Author : Kevin Lane Dearinger
Publisher : Rowman & Littlefield
Page : 607 pages
File Size : 27,6 MB
Release : 2016-07-29
Category : Literary Criticism
ISBN : 1611479487
Clyde Fitch (1865-1909) was the most successful and prolific dramatist of his time, producing nearly sixty plays in a twenty-year career. He wrote witty comedies, chaotic farces, homespun dramas, star vehicles, historical works, stark melodramas, and adaptations of European successes, but he was best known for his society plays, mirroring themes found in the novels of Henry James and Edith Wharton. In fact, Fitch collaborated with Wharton on a stage adaptation of her House ofMirth. He was also a gay man, although that gentler adjective was not the term of his time. He was bullied in school and baited by critics throughout his career for what they supposed of his private life. He responded with impressive strength and integrity. He was, at least for a short time, Oscar Wilde’s lover, and Wilde influenced his early plays, but Fitch’s study of Ibsen and other European dramatists inspired him to pursue the course of naturalism. As he became more successful, he took greater control of the staging and design of his plays. He was a complete man of the theatre and among the first names enrolled in New York’s theatrical hall of fame.
Author : D. Krasner
Publisher : Springer
Page : 394 pages
File Size : 30,48 MB
Release : 2016-09-27
Category : History
ISBN : 1137066253
The Harlem Renaissance was an unprecedented period of vitality in the American Arts. Defined as the years between 1910 and 1927, it was the time when Harlem came alive with theater, drama, sports, dance and politics. Looking at events as diverse as the prizefight between Jack Johnson and Jim 'White Hope' Jeffries, the choreography of Aida Walker and Ethel Waters, the writing of Zora Neale Hurston and the musicals of the period, Krasner paints a vibrant portrait of those years. This was the time when the residents of northern Manhattan were leading their downtown counterparts at the vanguard of artistic ferment while at the same time playing a pivotal role in the evolution of Black nationalism. This is a thrilling piece of work by an author who has been working towards this major opus for years now. It will become a classic that will stay on the American history and theater shelves for years to come.
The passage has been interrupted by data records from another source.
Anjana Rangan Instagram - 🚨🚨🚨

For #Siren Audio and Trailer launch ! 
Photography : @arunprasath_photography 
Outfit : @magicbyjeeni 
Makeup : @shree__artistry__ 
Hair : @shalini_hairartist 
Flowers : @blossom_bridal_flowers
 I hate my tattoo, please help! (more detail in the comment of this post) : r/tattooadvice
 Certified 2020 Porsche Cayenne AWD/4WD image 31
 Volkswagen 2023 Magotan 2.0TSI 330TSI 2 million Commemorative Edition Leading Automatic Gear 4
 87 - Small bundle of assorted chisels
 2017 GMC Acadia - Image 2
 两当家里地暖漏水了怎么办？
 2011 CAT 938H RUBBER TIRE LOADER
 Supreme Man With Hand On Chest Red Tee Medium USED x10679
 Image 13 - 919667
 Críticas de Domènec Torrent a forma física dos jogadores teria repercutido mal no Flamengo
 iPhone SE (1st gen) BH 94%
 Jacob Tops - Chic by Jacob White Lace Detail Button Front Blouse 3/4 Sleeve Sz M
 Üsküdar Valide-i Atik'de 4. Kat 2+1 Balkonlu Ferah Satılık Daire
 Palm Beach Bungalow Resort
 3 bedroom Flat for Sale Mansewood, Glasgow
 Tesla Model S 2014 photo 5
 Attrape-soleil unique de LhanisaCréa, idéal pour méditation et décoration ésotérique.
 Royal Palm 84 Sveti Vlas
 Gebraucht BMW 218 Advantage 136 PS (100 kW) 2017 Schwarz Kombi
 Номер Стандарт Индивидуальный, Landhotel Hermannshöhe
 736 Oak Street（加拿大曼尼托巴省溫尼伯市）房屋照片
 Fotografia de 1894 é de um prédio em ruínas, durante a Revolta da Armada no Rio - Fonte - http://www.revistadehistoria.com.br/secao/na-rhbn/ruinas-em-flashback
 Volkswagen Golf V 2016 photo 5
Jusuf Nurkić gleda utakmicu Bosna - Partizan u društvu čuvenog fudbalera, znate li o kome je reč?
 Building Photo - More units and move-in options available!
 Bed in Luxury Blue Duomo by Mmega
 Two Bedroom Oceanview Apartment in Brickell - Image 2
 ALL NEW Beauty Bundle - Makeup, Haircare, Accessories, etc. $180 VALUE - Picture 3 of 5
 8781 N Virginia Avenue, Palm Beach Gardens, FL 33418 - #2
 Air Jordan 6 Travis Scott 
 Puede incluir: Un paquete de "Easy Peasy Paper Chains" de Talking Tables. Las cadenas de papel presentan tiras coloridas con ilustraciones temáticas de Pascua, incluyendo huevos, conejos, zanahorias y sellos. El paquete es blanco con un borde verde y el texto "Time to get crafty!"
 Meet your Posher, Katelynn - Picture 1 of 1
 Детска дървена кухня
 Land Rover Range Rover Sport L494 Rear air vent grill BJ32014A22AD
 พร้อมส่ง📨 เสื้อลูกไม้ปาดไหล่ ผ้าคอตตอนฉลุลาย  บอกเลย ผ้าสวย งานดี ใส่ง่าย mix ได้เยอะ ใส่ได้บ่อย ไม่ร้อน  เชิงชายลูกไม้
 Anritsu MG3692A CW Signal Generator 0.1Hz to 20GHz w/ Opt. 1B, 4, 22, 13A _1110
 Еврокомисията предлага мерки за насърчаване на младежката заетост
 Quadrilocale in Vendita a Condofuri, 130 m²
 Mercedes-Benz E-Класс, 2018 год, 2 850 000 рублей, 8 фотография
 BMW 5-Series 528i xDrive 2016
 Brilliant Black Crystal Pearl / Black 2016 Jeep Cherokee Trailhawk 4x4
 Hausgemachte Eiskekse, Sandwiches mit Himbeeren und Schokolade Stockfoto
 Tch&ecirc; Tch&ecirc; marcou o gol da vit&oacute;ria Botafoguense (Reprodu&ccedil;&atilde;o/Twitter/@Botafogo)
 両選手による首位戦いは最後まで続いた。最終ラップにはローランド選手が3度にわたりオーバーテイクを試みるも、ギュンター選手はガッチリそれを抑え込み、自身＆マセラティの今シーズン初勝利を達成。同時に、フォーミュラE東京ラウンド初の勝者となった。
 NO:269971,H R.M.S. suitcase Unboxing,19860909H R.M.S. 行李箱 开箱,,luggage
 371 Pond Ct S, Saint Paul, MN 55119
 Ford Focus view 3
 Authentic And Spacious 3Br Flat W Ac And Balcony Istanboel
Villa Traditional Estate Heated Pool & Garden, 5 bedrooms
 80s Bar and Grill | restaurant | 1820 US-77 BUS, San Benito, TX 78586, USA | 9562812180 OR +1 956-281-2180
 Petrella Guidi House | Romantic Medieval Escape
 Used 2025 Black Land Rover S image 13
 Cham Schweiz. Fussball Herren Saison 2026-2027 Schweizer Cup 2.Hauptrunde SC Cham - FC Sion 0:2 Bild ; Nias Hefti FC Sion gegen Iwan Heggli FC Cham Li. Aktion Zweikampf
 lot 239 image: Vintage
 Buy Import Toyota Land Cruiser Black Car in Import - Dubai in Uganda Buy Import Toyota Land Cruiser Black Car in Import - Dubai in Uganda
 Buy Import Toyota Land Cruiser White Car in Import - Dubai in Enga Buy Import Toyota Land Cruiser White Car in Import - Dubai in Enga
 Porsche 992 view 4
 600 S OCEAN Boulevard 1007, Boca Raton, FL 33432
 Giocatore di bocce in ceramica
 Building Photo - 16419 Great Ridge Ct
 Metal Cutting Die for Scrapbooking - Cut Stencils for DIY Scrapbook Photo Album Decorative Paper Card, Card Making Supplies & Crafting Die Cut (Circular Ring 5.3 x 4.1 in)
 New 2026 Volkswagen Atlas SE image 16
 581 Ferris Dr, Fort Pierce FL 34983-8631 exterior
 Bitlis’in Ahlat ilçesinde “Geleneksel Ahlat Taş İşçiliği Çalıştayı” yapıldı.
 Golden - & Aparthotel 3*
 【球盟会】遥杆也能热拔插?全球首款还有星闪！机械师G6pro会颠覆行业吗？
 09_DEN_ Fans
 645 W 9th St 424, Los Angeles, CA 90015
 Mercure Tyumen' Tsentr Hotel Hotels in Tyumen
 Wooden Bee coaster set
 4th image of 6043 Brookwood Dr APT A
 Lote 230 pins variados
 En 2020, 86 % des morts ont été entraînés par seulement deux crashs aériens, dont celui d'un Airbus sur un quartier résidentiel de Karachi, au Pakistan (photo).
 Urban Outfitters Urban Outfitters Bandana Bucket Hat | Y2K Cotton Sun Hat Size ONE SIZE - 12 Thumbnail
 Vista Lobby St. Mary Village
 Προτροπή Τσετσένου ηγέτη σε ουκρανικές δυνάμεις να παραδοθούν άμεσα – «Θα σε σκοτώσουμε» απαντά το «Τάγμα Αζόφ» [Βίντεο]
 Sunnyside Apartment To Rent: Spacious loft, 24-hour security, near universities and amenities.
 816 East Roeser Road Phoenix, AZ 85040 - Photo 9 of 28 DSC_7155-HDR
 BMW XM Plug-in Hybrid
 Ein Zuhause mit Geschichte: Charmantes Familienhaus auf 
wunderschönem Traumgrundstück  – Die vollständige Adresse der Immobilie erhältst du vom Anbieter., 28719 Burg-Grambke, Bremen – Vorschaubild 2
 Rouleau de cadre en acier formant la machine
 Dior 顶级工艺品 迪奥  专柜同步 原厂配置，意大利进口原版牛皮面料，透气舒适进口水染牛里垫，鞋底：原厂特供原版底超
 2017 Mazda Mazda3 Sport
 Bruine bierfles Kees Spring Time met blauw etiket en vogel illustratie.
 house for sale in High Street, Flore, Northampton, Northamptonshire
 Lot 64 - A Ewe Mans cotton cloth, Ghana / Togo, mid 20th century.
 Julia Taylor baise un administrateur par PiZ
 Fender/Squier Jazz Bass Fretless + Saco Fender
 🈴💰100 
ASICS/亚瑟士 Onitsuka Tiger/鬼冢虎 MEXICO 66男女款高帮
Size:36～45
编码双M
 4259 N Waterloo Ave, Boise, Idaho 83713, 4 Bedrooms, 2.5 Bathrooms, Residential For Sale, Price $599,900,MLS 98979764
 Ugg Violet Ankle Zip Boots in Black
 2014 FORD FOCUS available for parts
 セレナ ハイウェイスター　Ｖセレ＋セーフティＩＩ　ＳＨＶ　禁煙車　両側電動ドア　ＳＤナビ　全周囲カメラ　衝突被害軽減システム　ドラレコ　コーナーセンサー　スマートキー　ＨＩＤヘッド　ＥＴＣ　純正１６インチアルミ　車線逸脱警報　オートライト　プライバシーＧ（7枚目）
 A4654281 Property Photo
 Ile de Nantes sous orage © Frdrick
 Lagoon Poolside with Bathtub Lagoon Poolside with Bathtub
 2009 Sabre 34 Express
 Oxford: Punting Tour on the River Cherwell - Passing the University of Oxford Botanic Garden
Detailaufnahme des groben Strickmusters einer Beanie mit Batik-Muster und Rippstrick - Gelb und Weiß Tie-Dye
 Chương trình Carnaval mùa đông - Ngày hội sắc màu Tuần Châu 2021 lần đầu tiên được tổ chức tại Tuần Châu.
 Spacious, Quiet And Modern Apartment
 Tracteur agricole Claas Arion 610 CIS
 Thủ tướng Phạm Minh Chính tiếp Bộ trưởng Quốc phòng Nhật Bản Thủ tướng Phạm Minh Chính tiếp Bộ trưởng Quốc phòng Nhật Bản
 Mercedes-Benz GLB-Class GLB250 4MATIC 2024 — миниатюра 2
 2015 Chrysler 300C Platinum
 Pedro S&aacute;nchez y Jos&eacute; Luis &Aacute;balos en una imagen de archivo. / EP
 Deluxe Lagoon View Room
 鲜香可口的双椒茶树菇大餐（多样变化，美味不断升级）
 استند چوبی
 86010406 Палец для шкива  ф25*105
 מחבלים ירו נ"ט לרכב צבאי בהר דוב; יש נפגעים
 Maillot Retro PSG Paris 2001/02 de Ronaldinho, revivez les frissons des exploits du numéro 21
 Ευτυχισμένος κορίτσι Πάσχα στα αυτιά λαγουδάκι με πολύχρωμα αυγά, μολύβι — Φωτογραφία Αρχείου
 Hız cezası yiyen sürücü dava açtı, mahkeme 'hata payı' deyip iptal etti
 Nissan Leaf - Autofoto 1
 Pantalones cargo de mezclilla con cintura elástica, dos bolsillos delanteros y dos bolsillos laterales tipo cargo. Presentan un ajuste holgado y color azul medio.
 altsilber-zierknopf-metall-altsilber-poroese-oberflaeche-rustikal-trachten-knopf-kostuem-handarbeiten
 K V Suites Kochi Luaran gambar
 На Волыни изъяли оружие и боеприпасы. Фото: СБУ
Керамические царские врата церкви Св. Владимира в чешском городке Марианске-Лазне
Author : Donatella Galella
Publisher : University of Iowa Press
Page : 333 pages
File Size : 45,40 MB
Release : 2019-03-15
Category : Performing Arts
ISBN : 1609386256
2020 Barnard Hewitt Award, honorable mention Washington D.C.’s Arena Stage was the first professional regional theatre in the nation’s capital to welcome a racially integrated audience; the first to perform behind the Iron Curtain; and the first to win the Tony Award for best regional theatre. This behind-the-scenes look at one of the leading theatres in the United States shows how key financial and artistic decisions were made, using a range of archival materials such as letters and photographs as well as interviews with artists and administrators. Close-ups of major productions from The Great White Hope to Oklahoma! illustrate how Arena Stage navigated cultural trends. More than a chronicle, America in the Round is a critical history that reveals how far the theatre could go with its budget and racially liberal politics, and how Arena both disputed and duplicated systems of power. With an innovative “in the round” approach, the narrative simulates sitting in different parts of the arena space to see the theatre through different lenses—economics, racial dynamics, and American identity.